Tarot have a BBC Radio 4 show, Soundbleed, but their talent, which is considerable, has yet to find a TV outlet. Will it ever? The rapturous reception afforded to Netflix’s I Think You Should Leave has yet to usher in a new sketch-on-telly golden age. Another outfit who, in another age, would surely have taken their act to the small screen is Sheeps. Individually, two of the trio (Liam Williams and Al Roberts) are seldom off the box. But there’s something particularly sublime about their teamwork, live on stage, with Daran Johnson more than making up the numbers.

Their 2022 show is a tongue-in-cheek greatest hits commemorating 10, or is it 12, years on the fringe. I’m a full-blown Sheeps fanboy: I could watch them sing their tunnelless opening number, a self-mocking showbiz concoction in Poundshop top hat and tails, for hours. If these sketches never made it into your front room (although they came close, with 2015’s People Time pilot), they richly reward a second live viewing. And that’s just those I’ve seen before: the one starring Williams as an in-house riddler at a trendy tech startup; the one in which the citizens of war-torn Aleppo spare a thought for we put-upon Brits.

Britney … l to r, Charly Clive and Ellen Robertson.
Charlie Clive and Ellen Robertson aka Britney. Photographer: Linda Blacker

Of the sketches that were new to me, or new entirely, some sparkle still brighter. As the trio stage internal arguments and fret over the appropriateness to our new woke era – ho ho – of their older material, we’re treated to a joyously silly number about where Björn Ulvaeus gets his tunes from, and another Escher-like construction ( shades of their sketch contemporaries The Pin, here) in which Williams, Roberts and Johnson upbraid one another (spontaneously? or not?) for forgetting their lines. Dazzlingstuff.

Another act who got as far as a BBC pilot – albeit not with a sketch show – is Britney, AKA Charly Clive and Ellen Robertson. Their new suite of sketches and chat, Friends and Nothing More, passes a thoroughly enjoyable hour while we wait, possibly in vain, for a full series. The conception here, tenuously enough, is that they want us to fall in love with them. Marry them, even: isn’t that what women of their age are supposed to be looking for? But really, the key relationship here is their own, as childhood friends who re-enact for us tonight their first sketch performance, at school in 2009.

It went wrong, as you’d expect: Clive and Robertson are lovable dorks, whose gigglesome chat hogs as much of the show as the sketches themselves. Those sketches (one imagining Facebook as a wild west ghost town; another drilling down into Stephen King’s claim that he writes mainly for his wife) lead us towards a reckoning with their onstage crash-and-burn 13 years ago.
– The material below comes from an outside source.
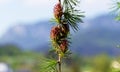 Branch with cones. Larix leptolepis, Ovulate cones of larch tree, spring.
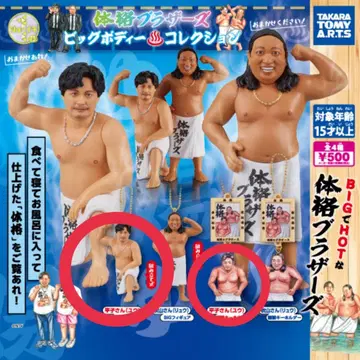 체격 브라더스 빅 바디 컬렉션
There’s the occasional throwaway number here. One sometimes waits in vain for the type of pull-back-and-reveal at which Tarot excel, making sudden sense of hitherto pointless behaviour. But Britney remains an act that is very easy to enjoy. It may be on its knees as a TV genre, but on the evidence of these shows – and lovely work elsewhere on the fringe by Shelf, Crizards and others – live sketch is surely, as per Tarot’s refrain, indomitable.